My approach is called radical embodied cognitive psychology; ‘radical’ just means ‘no representations’. It is based on the work of James J Gibson. He was a perceptual psychologist who demonstrated that there is actually rich perceptual information about the world, and that we use this information. This is why perception and action are so amazingly successful most of the time, which is important because failures of perception have serious consequences for your health and wellbeing (e.g. falling on ice)
The most important consequence of this discovery is that when we have access to this information, we don’t need those internal models anymore. This then means that whatever the brain is doing, it’s not building models of the world in order to cause our behaviour. We are embedded in our environments and our behaviour is caused by the nature of that embedding (specifically, which information variables we are using for any given task).

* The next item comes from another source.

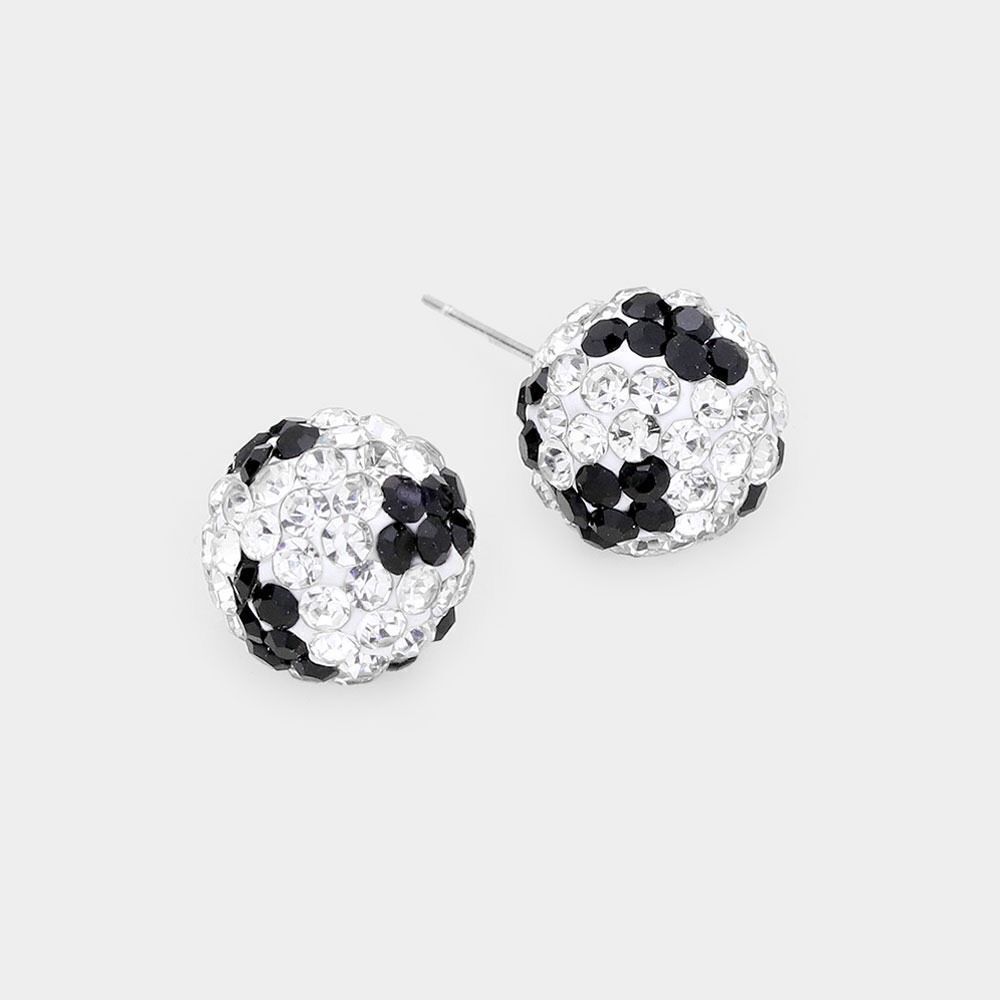 Brand New Boutique Animal Print Shamballa Ball Stud 12 mm Earrings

So I ask very different questions than the typical psychologist: instead of ‘what mental model lets me solve this task?’ I ask ‘what information is there to support the observed behaviour and can I find evidence that we use it?’. When we get the right answer to the information question, we have great success in explaining and then predicting behaviour, which is actually the goal of psychology.
Q2. The idea that there are no mental representations is hard to get your head around. What about situations where behaviour seems to be based on things which aren’t there, like imagination, illusions or predictions?
First, saying that there are no mental representations is not saying that the brain is not up to something. This is a surprisingly common mistake, but I think it’s due to the fact cognitive psychologists have come to equate ‘brain activity’ with ‘representing’ and denying the latter means denying the former (see Is Embodied Cognition a No-Brainer?).
Illusions simply reveal how important it is to perception that we can move and explore. They are all based on a trick and they almost always require an Evil Psychologist™ lurking in the background. Specifically, illusions artificially restrict access to information so that the world looks like it’s doing one thing when it is really doing another. They only work if you don’t let people do anything to reveal the trick. Most visual illusions are revealed as such by exploring them, e.g by looking at them from a different perspective (e.g. the Ames Room).
Imagination and prediction are harder to talk about in this framework, but only because no one’s really tried. For what it’s worth, people are terrible at actively predicting things, and whatever imagination is it will be a side-effect of our ability to engage with the real world, not part of how we engage with the real world.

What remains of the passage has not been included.